- Retail trade sales in January were up 0.1%, according to figures released Friday by the U.S. Commerce Department. Total domestic retail sales (including autos and fuel) ticked up 0.3% to $529.8 billion in the period.
- Retail trade sales were up 4% year over year, according to the report. Total sales for December were revised down, with estimates now showing 0.2% growth.
- Year over year, department store sales fell 3.9%, electronics sales fell 2.9%, a category made up of sporting goods, hobby and musical instruments fell 1.5%, and clothing store sales declined 0.7%. Meanwhile, sales at non-store retailers were up 7%, general merchandisers' sales were up 3.3%, and furniture store sales were up 2%.
January's retail sales contained few surprises and showed a still relatively strong economy and growing retail industry.
Moody's Vice President Mickey Chadha attributed the strength in sales to low unemployment numbers, economic growth and the "resiliency" of consumers. "Despite some pockets of weakness, sales continue to be good, led by e-commerce, grocery stores and motor vehicles and parts" while the "[l]aggards continue to be department stores and electronics stores," he said in emailed comments.
Again, no surprise there given the holiday sales figures trickling in. For the department store sector, those reports ranged from middling to bleak for the holidays. And the declines have continued into the new year. Meanwhile, Amazon once again posted strong sales growth — fueled by its move toward one-day Prime shipping — as the e-commerce giant and its sector as a whole continue to gain sales and market share.

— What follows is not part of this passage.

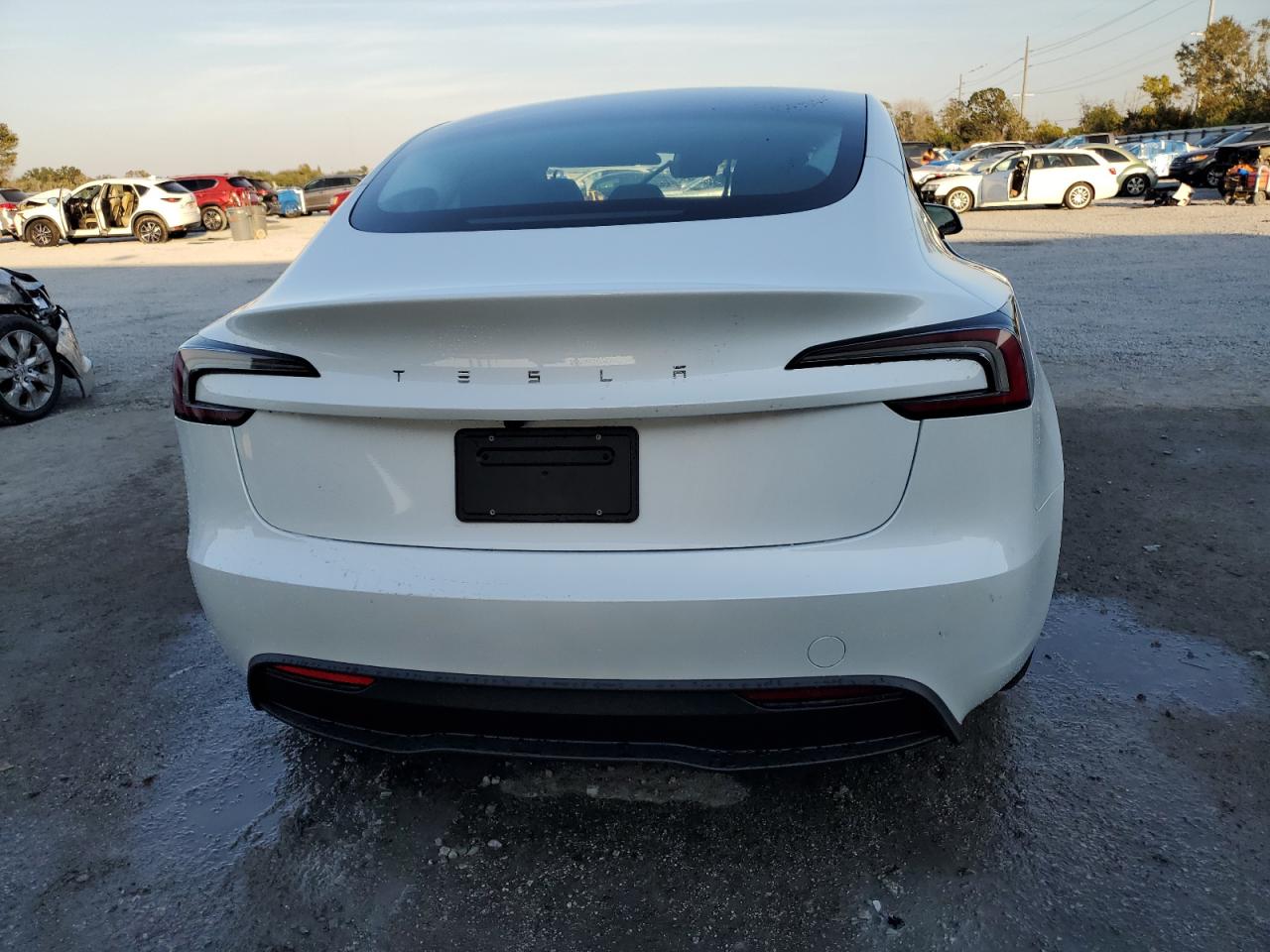 2025 Tesla Model 3 VIN: 5YJ3E1EA2SF064373 Lot: 93341075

But, as Retail Metrics mentioned in an emailed note, e-commerce growth (non-retail stores) was down considerably from a year ago, and January marked the first time since December 2018 that e-commerce didn't lead other retail sectors in growth.
GlobalData Retail Managing Director Neil Saunders called pure retail sales growth "modest" at 2.7%. "However, this slower growth is not caused by economic difficulties as the consumer was still out spending on autos and foodservice and was willing to fork out more money on gasoline," Saunders said in emailed comments. "Confidence and spending power are there, however, retailers need to work much harder if they want to tap into them."
In Chadha's view, many of last year's trends for retail players and consumers will carry on this year. "We continue to expect that consumer confidence, wage growth, low unemployment and the continued GDP growth in the US will result in 2020 retail sales growth of over 3.5%, led by e-commerce players like Amazon, off-price retailers like TJX and Ross, value and convenience-oriented retailers like Dollar General and Dollar Tree, and discounters and warehouse clubs like Walmart, Target and Costco," he said.